Intersectional Ethnicity and Gender Pay Gap

Further work to understand the data from an intersectional point of view is underway to provide an insight into hidden gaps, such as those that can exist between gender and ethnicity.

While the data sets included in this report for both gender and ethnicity vary slightly in headcount, nevertheless it is still a fruitful exercise and will help to direct future resources aimed at closing existing pay gaps and enable the University to remain vigilant of developing issues.

Intersectional median hourly pay gap rates, 2021

Ethnicity Male Hourly Pay Female Hourly Pay
White £18.59 £15.92
Black £20.28 £14.65
Asian £18.57 £17.45
Mixed Race £19.12 £16.10
Arab £20.69 £9.32
Other £20.97 £15.45
Unknown £25.96 £13.85

The total headcount for ethnicity is lower than gender because of an absence of data collection from the Student Employment Agency.

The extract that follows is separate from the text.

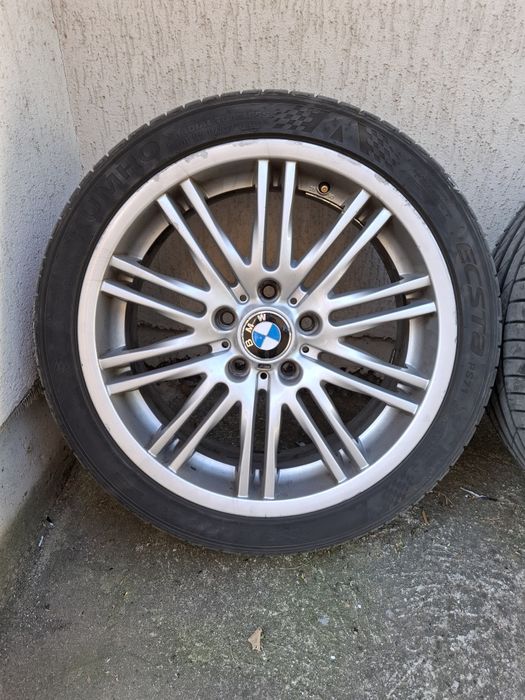 Джанти BMW Style 164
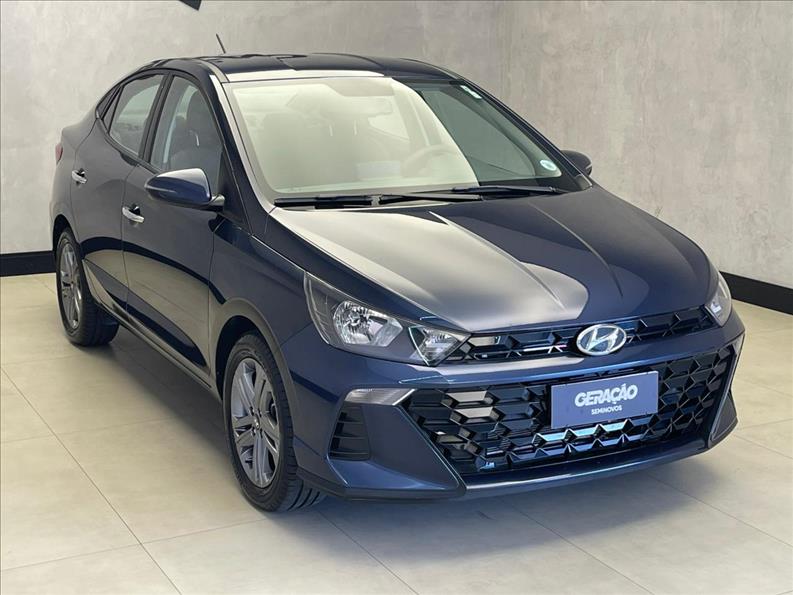 Hyundai-HB20S-1.0 Tgdi Platinum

The median hourly rate of pay for all males is higher than that of all females, regardless of its intersection with ethnicity. This picture is consistent with our understanding of the current gender pay gap data.

There is variance in the hourly rates between gender and ethnicity when examined through each collected ethnic identity. However, due to the small sample sizes, the data should be viewed with caution at this stage.

For example, there is a significant difference in the hourly rate of pay between male staff who identify as Arab and female staff who identify with the same ethnicity. However, the distribution of Arab staff through the pay quartiles (between the lowest and highest) relates to a total of seven staff who identify as Arab.

As the University increases the diversity of its staff base, the intersectional pay gap data will become more beneficial.

Intersectional distribution of gender and ethnicity by pay quartiles, 2021

Quartile 1 Quartile 2 Quartile 3 Quartile 4
White 82% 80% 88% 90%
Female 89% 88% 89% 91%
BAME Male 17% 20% 12% 9%
BAME Female 10% 12% 11% 10%

When considering pay quartiles through the intersectional lens of gender and ethnicity, it is noted that people who identify as white are disproportionately over-represented in each quartile.

In quartile one, there is a higher percentage of BAME males who work in the lowest-paid roles compared to BAME females.

In quartile four, the highest-paid roles, there is equal occupancy of BAME males and BAME females.

When compared with the general population where there is a larger ethnicity pay gap for males than there is for females, the University appears to be following a pattern.

Similarly, within the general population, the hourly median pay gap between people who identify as white and people who identify with a minority ethnic background has continued to narrow.

The University’s commitment to race equity through the Race Equality Charter will ensure that career progression and leadership remain a high priority.